*Your assignment*. Return the material below exactly, but only from the line with "Chrysler Town & Country Limited 2008" through the line with "Building Lobby in", and without its pictures.

*Input data*.
+ + + + +

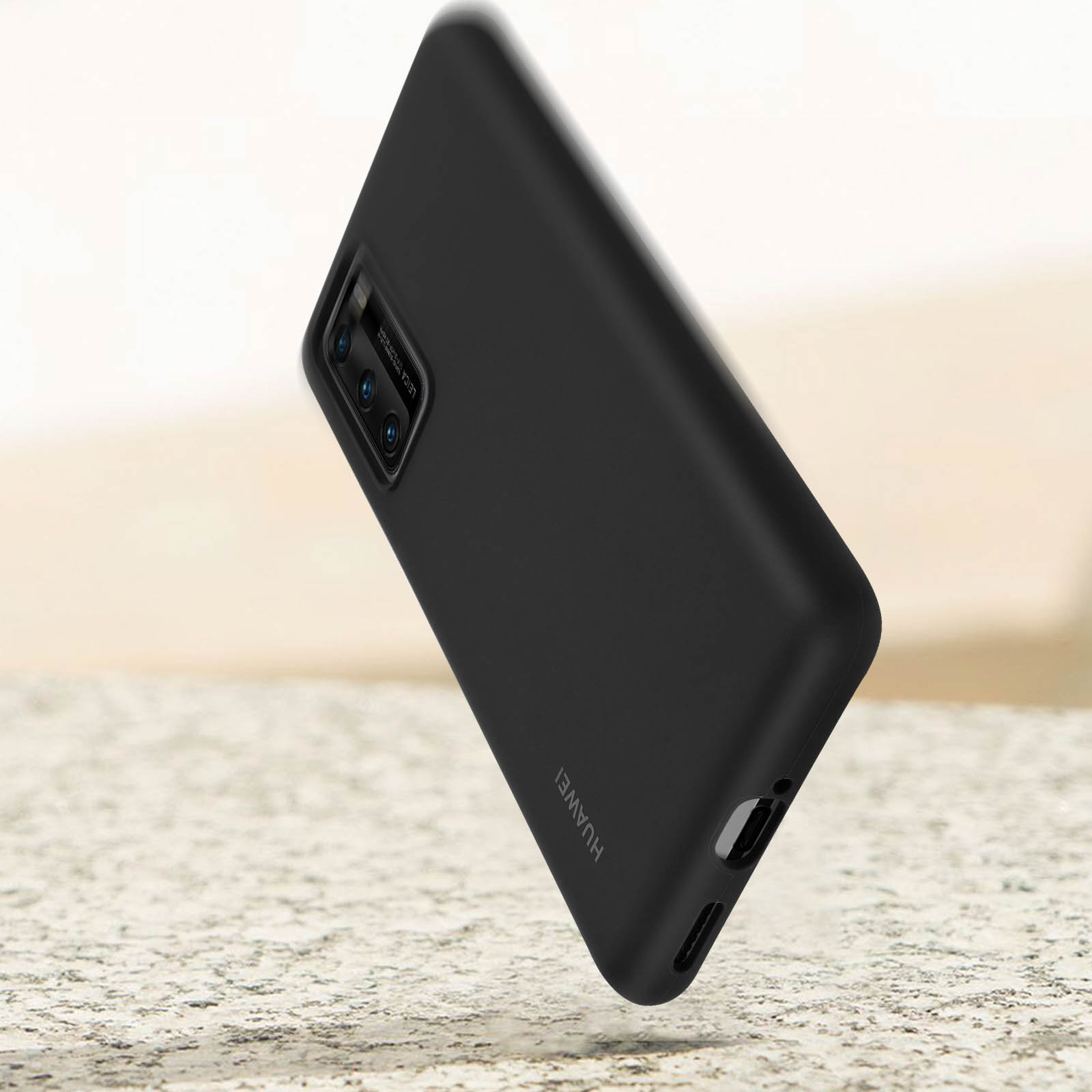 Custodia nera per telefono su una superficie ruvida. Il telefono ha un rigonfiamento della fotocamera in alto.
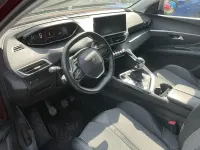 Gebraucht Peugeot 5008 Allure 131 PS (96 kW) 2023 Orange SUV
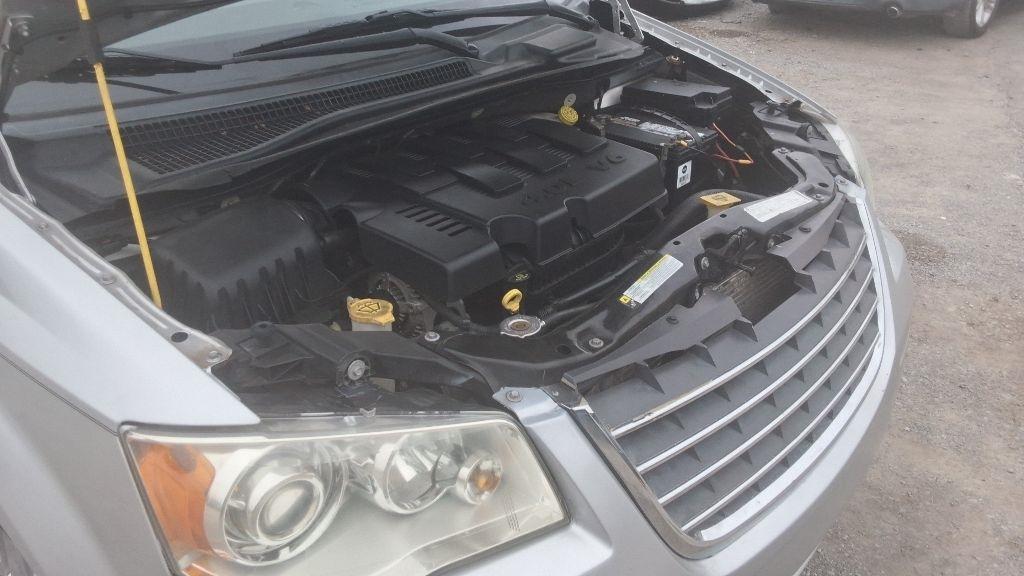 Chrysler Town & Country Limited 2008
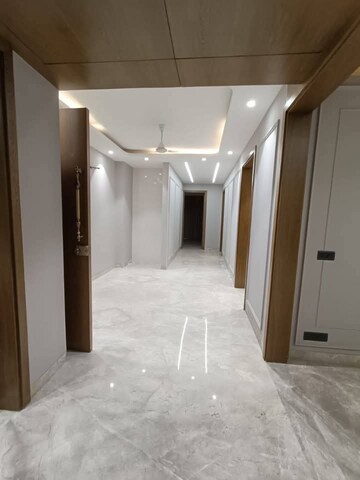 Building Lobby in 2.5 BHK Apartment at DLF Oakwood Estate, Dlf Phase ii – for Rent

+ + + + +

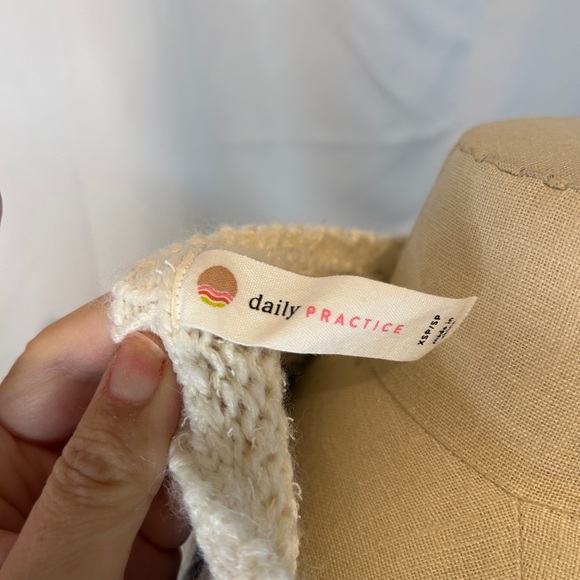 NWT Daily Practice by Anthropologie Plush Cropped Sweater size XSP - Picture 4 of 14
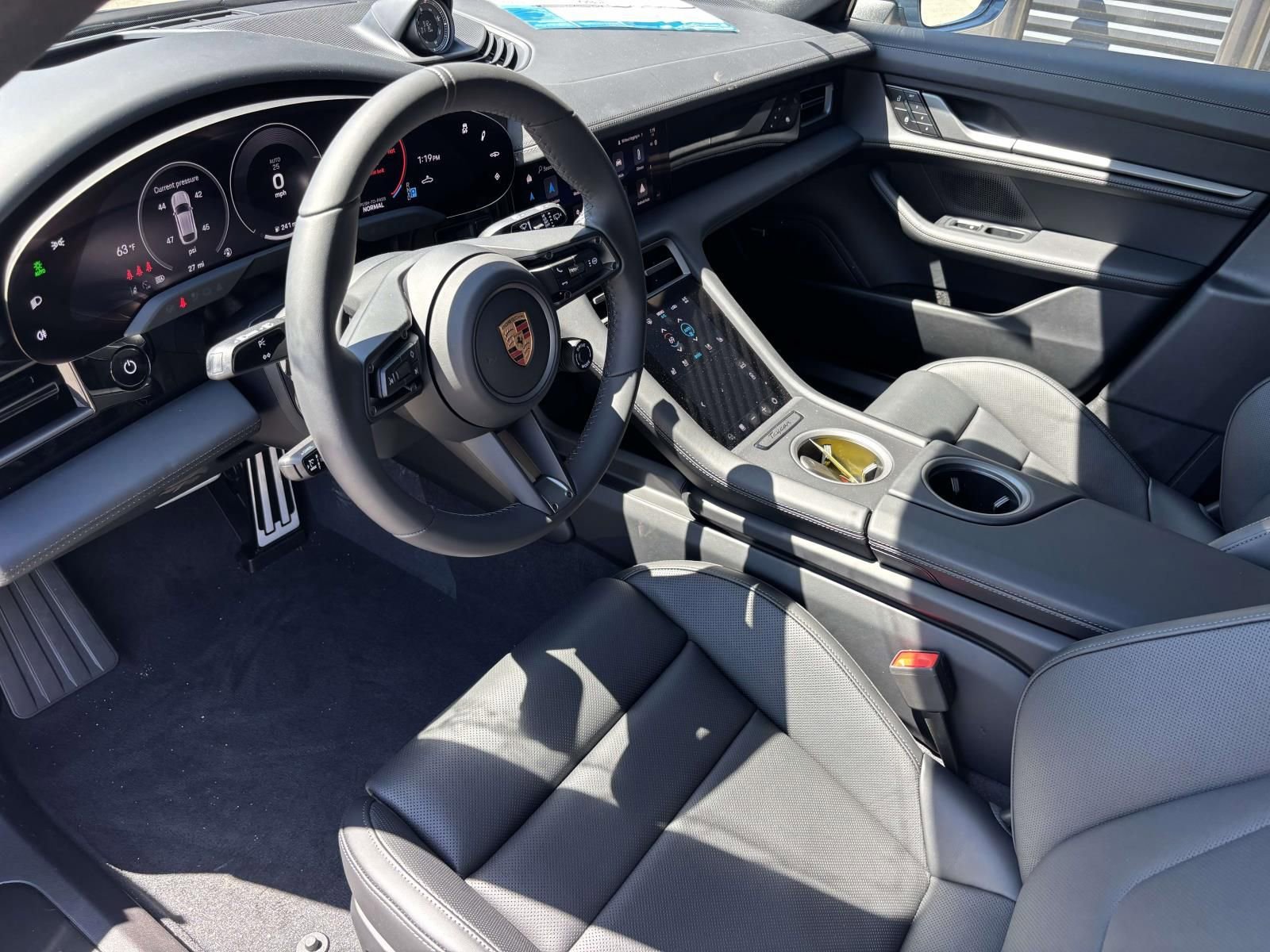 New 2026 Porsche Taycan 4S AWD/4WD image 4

+ + + + +

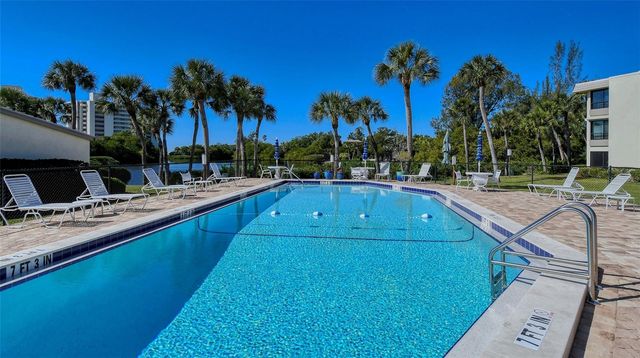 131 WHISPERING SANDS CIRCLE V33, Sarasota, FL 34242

+ + + + +

*Reply*.
 Chrysler Town & Country Limited 2008
 Building Lobby in 2.5 BHK Apartment at DLF Oakwood Estate, Dlf Phase ii – for Rent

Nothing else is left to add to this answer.